The caching layer has been migrated from the outdated Zend_Cache component to Symfony Cache, which delivers better performance and long-term PHP compatibility. All Symfony dependencies in 2.4.9 now target version 7.4 LTS.
New System Requirements
This is where the upgrade becomes concrete for anyone planning ahead. Magento 2.4.9 has dropped support for several older server components and raises the bar across the stack:
- PHP: Versions 8.3, 8.4, and 8.5 are supported. PHP 8.2 is no longer an option.
- MySQL: Only version 8.4 LTS is supported. MySQL 8.0 has been dropped.
- MariaDB: Only version 11.4 is supported. MariaDB 10.6 has been dropped.
- Search: OpenSearch 3.x is required, with backward compatibility for 2.x.
- Cache/Sessions: Valkey 8.x is now the officially recommended solution, replacing Redis.
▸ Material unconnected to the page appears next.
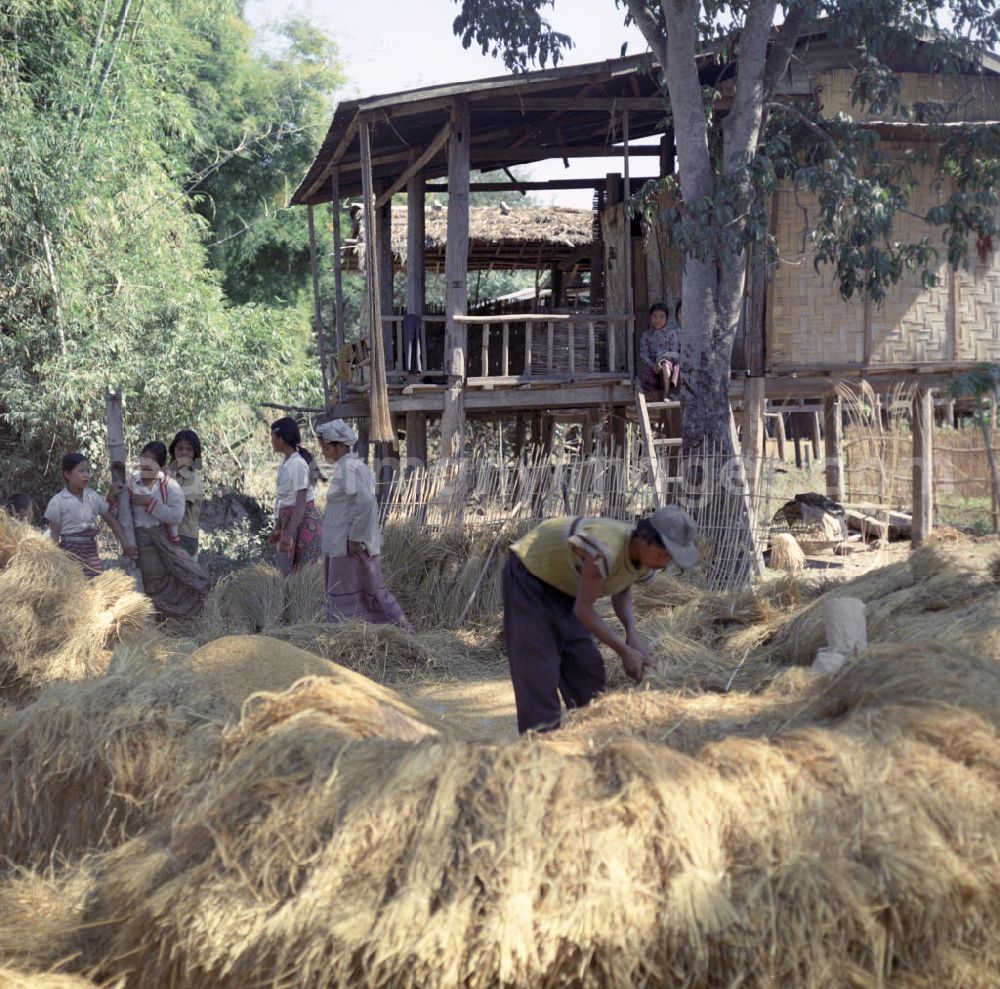 GDR picture archive: Vientiane - Die Bewohner eines Dorfes in der Demokratischen Volksrepublik Laos bearbeiten auf einem Haufen liegende Reisgarben.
Valkey is an open-source Redis fork that emerged after Redis altered its licensing terms in 2024.
- Message queue: RabbitMQ 4.1 remains supported, with Apache ActiveMQ Artemis 2 added as an alternative broker for the first time.
- Web server: nginx 1.28, Varnish 7.7, Apache 2.4.
Stores still running MySQL 8.0 or MariaDB 10.6 will need to complete database migrations before a 2.4.9 upgrade is possible. This is not a quick task — it should be budgeted and planned well before the May GA window opens.
Security Improvements
Alongside the Beta release, Adobe published security bulletin APSB26-05, addressing 17 vulnerabilities across all supported Magento versions — seven of them rated critical. The issues include arbitrary code execution and privilege escalation vectors.
Importantly, you do not need to wait for 2.4.9 to protect your store. Security patches covering these vulnerabilities are already available for versions 2.4.4 through 2.4.8. If your store runs any of those versions, apply the patches immediately.
Version 2.4.9 also ships with additional hardening built in: CAPTCHA enforcement on API account creation endpoints, a simplified two-factor authentication setup flow, and a new GraphQL alias limit designed to prevent resource exhaustion attacks.
Should You Upgrade Right Now?
No — and that is the correct answer for the Beta. Beta releases exist for developer testing and ecosystem feedback, not production traffic. Adobe provides no support for beta builds on live stores.
What makes sense right now is preparation. Stand up a staging environment and run Beta 1 against your current extension stack and customisations. Map out your database migration path away from MySQL 8.0 or MariaDB 10.6. Confirm that your hosting provider can support PHP 8.5 and the rest of the updated infrastructure requirements.
Stores that complete this groundwork before GA arrives in May 2026 will upgrade smoothly. Those that skip it may find themselves scrambling under deadline pressure.
| Alpha 2 | December 2025 | Released |
| Beta 1 | March 10, 2026 | Released |
| General Availability | May 2026 | Planned |
The Bottom Line
Magento 2.4.9 is a release built for the next decade of the platform. The move to native PHP MVC, a modern caching architecture, and a clean break from a problematic editor dependency clears years of accumulated technical debt in a single cycle. The raised infrastructure requirements are a forcing function — overdue upgrades that many stores had been deferring.
The lift is real, but so is the payoff. Stores on 2.4.9 land on a faster, cleaner, and more secure foundation with support running through 2029. The stores that start testing now are the ones for whom May will feel like a finishing line rather than a starting pistol.